* [EXERCISE DETAILS]
Starting with the line that contains "An onyx mantel" and stopping after the line that contains "Load image into", copy the entries below exactly. Include nothing else.

* [EXTRACTED ENTRIES]
▼

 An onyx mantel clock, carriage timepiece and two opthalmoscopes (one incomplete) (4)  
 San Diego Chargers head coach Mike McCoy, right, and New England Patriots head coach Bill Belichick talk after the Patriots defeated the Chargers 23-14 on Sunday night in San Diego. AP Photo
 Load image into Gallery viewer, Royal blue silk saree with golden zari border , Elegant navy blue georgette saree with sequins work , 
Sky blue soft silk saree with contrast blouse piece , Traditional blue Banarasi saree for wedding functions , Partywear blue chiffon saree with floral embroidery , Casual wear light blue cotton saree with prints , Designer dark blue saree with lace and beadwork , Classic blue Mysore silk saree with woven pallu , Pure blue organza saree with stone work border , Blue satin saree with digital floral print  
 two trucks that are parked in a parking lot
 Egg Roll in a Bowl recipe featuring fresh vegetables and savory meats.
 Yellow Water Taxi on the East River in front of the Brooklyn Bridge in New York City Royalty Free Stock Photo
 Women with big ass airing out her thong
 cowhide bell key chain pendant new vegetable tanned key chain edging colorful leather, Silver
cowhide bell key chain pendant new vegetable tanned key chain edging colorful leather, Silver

▲
▼

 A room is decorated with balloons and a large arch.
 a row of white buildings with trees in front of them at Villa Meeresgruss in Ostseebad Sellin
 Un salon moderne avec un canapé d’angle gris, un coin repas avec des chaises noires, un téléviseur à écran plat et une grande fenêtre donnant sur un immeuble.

▲
▼

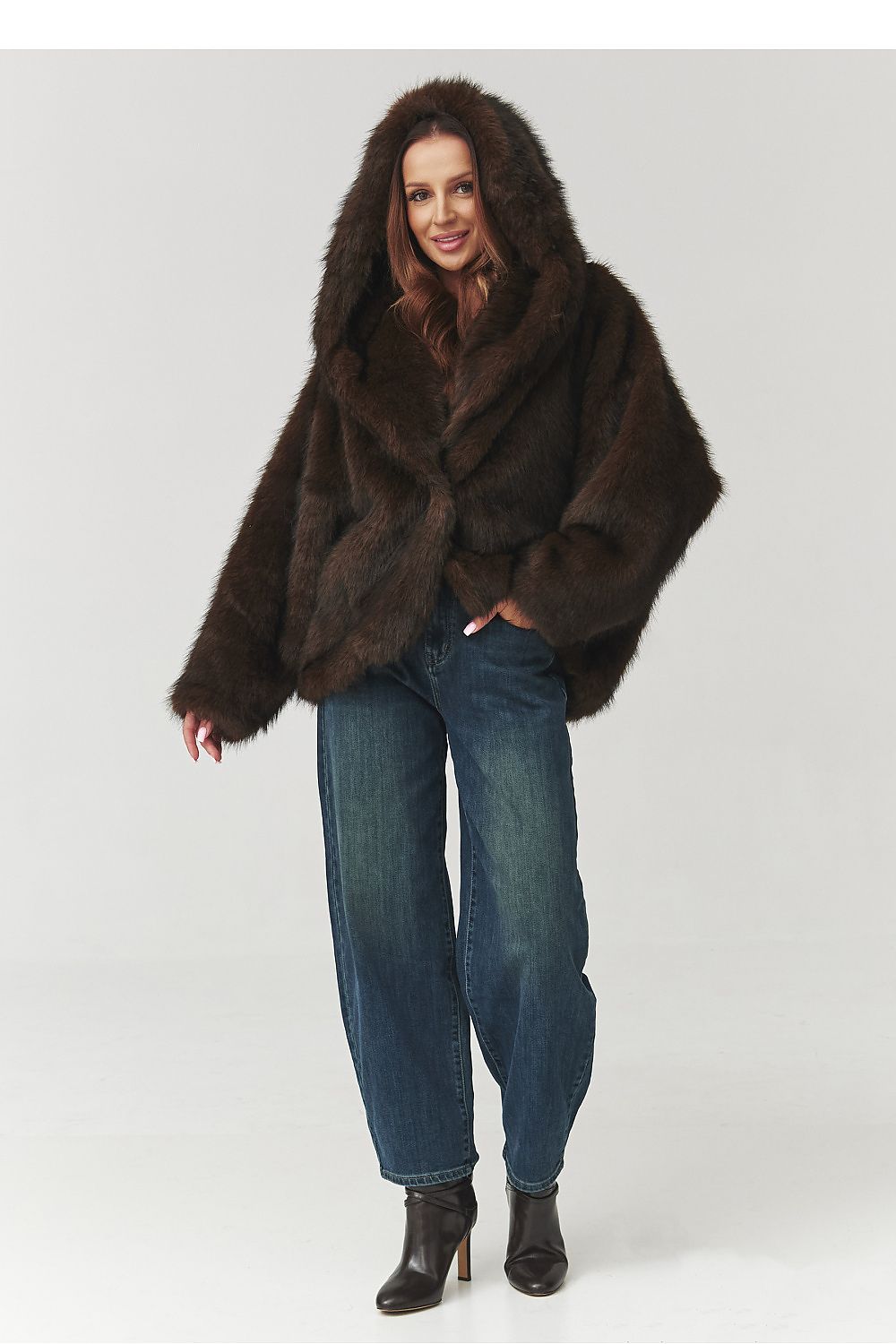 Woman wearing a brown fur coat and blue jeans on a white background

▲

* [RESPONSE TO THE TASK]
 An onyx mantel clock, carriage timepiece and two opthalmoscopes (one incomplete) (4)  
 San Diego Chargers head coach Mike McCoy, right, and New England Patriots head coach Bill Belichick talk after the Patriots defeated the Chargers 23-14 on Sunday night in San Diego. AP Photo
 Load image into Gallery viewer, Royal blue silk saree with golden zari border , Elegant navy blue georgette saree with sequins work , 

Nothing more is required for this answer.